The Summons.
Ray Atlee is a professor of law at the University of Virginia. He's forty-three, newly single, and still enduring the aftershocks of a surprise divorce. He has a younger brother, Forrest, who redefines the notion of a family's black sheep.
And he has a father, a very sick old man who lives alone in the ancestral home in Clanton, Mississippi. He is known to all as Judge Atlee, a beloved and powerful official who has towered over local law and politics for forty years. No longer on the bench, the Judge has withdrawn to the Atlee mansion and become a recluse.
With the end in sight, Judge Atlee issues a summons for both sons to return home to Clanton, to discuss the details of his estate. It is typed by the Judge himself, on his handsome old stationery, and gives the date and time for Ray and Forrest to appear in his study.
Ray reluctantly heads south, to his hometown, to the place where he grew up, which he prefers now to avoid. But the family meeting never takes place. The Judge dies too soon, and in doing so leaves behind a shocking secret known only to Ray. And perhaps someone else . . .
The Brethren.
Trumble, a minimum security federal prison, a "camp", home to the usual assortment of relatively harmless criminals - drug dealers, bank robbers, swindlers, embezzlers, tax evaders, two Wall Street crooks, one doctor, at least five lawyers.
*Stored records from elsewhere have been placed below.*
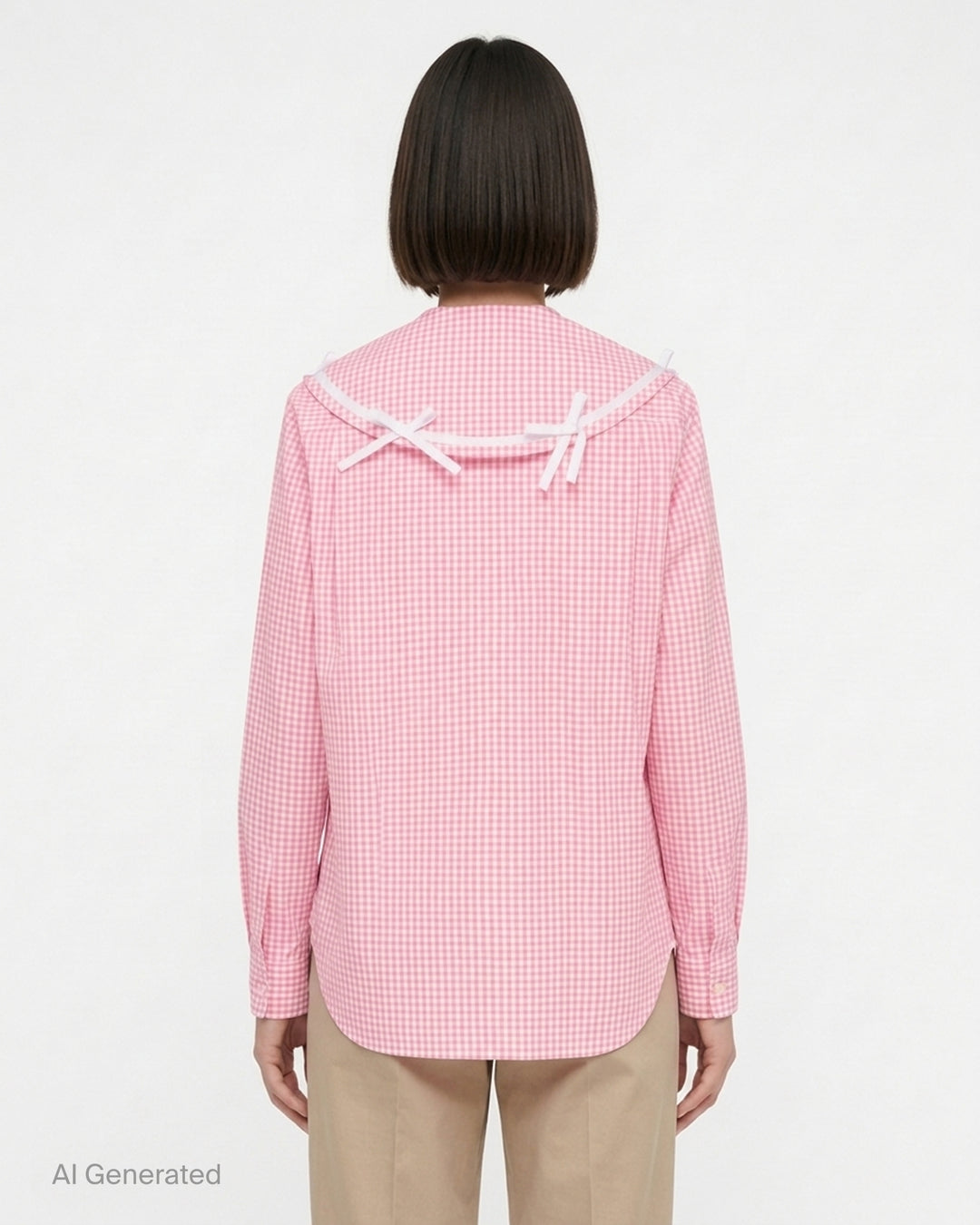 Comme des Garçons Girl pink and white gingham straight cut shirt with oversized collar trimmed in white ribbon bows, shown front view - back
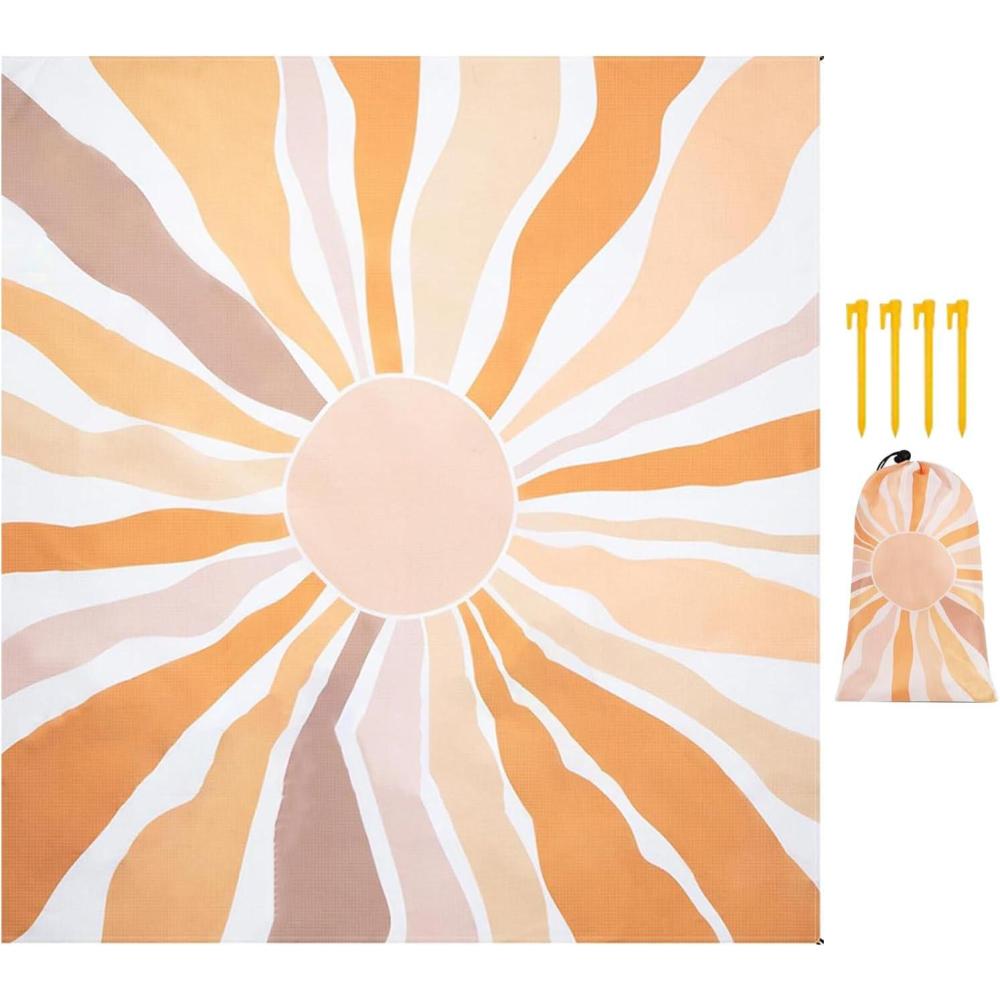 image:imageCouverture de PlageCouverture de PiqueNique Extrieure Rsistante au Soleil Grande Taille AntiSable Tapis Lger Pliable Transportable pour Randonne Camping Parc et Lac Accessoires Extrieurs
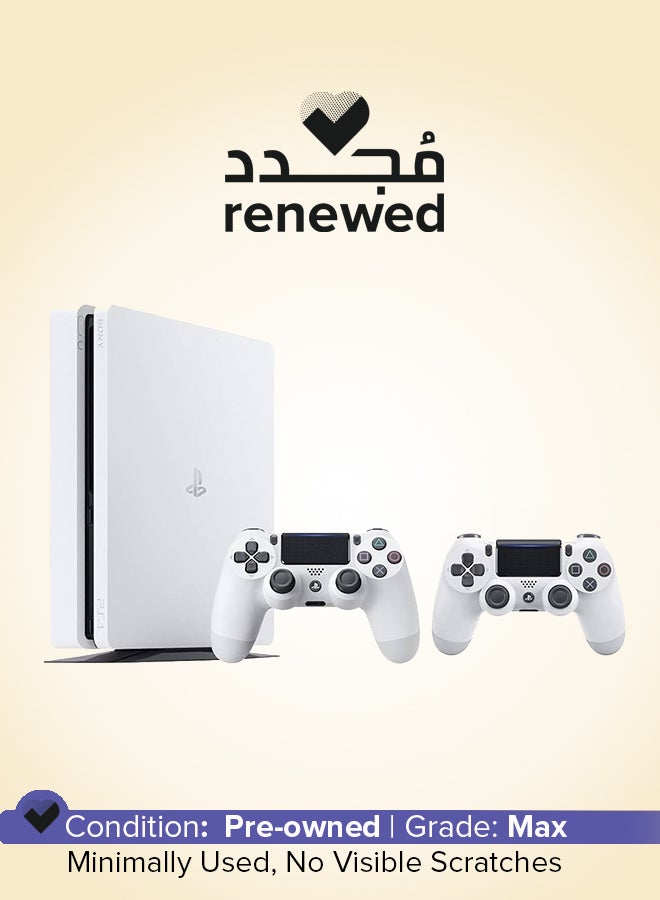 سوني تم تجديده - جهاز بلاي ستيشن 4 بسعة 500 جيجابايت باللون الأبيض النحيف مع وحدتي تحكم - Image 1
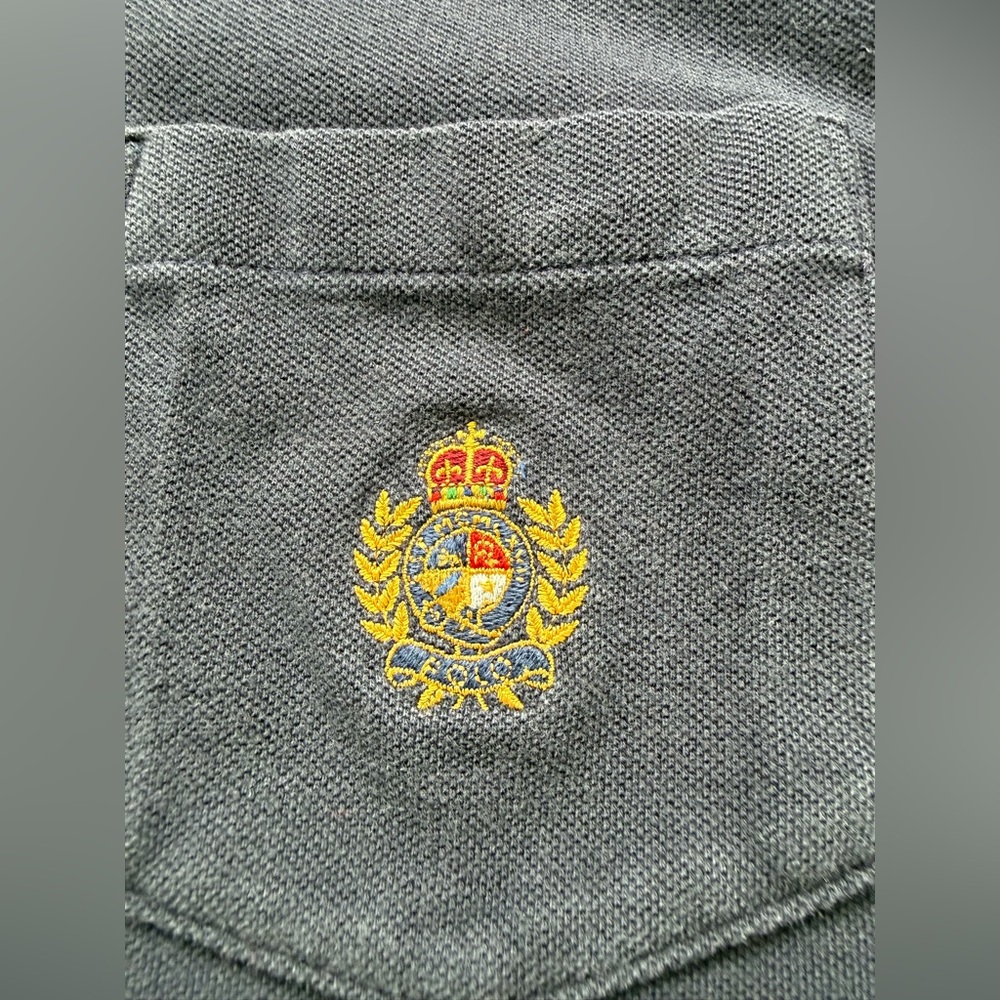 EUC VINTAGE POLO RALPH LAUREN THE BIG SHIRT MADE IN USA POCKET PIQUE POLO NAVY
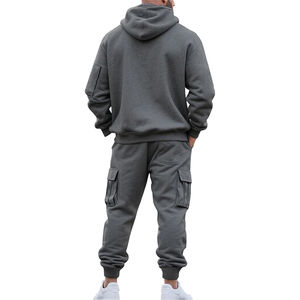 Ensemble de survêtement cargo pour homme, style hip-hop, 100% coton molletonné, séchage rapide, avec fermeture éclair quart de tour, pantalon jogger cargo et capuche patchwork, nouvelle collection hiver - Product Image 5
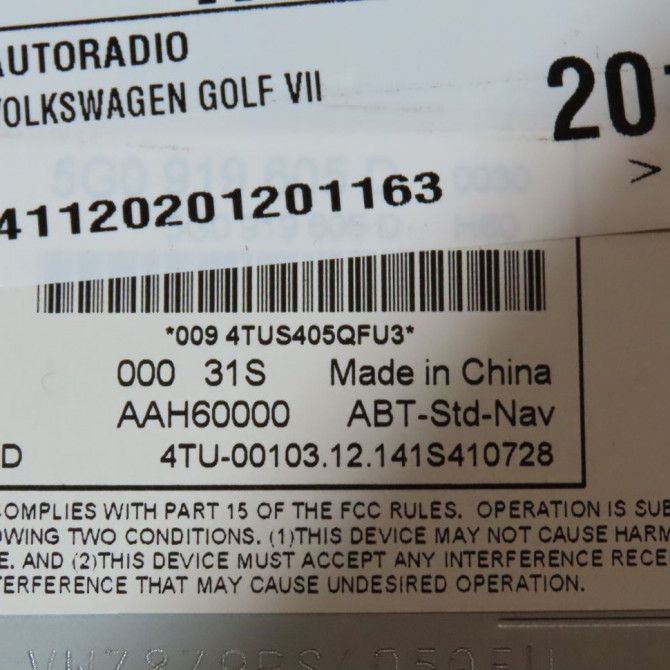 Autoradio occasion  Volkswagen vw GOLF VII (5G1, BQ1, BE1, BE2) 1.6 tdi (2012-2017)   5G0919605D  3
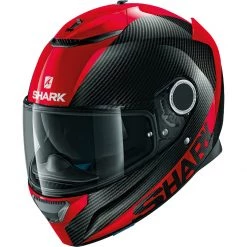 Shark Spartan Helmet Carbon Skin - Black Red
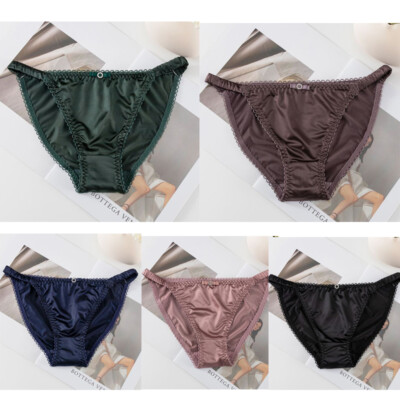 5pcs Lot Sexy Womens Satin Panties Brief Ladies String Bikini Underwear Lingerie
And three former judges who call themselves The Brethren: one from Texas, one from California, and one from Mississippi. They meet each day in the law library, their turf at Trumble, where they write briefs, handle cases for other inmates, practise law without a licence, and sometimes dispense jailhouse justice. And they spend hours writing letters. They are fine-tuning a mail scam, and it's starting to really work. The money is pouring in.
Then their little scam goes awry. It ensnares the wrong victim, a powerful man on the outside, a man with dangerous friends, and The Brethren's days of quietly marking time are over.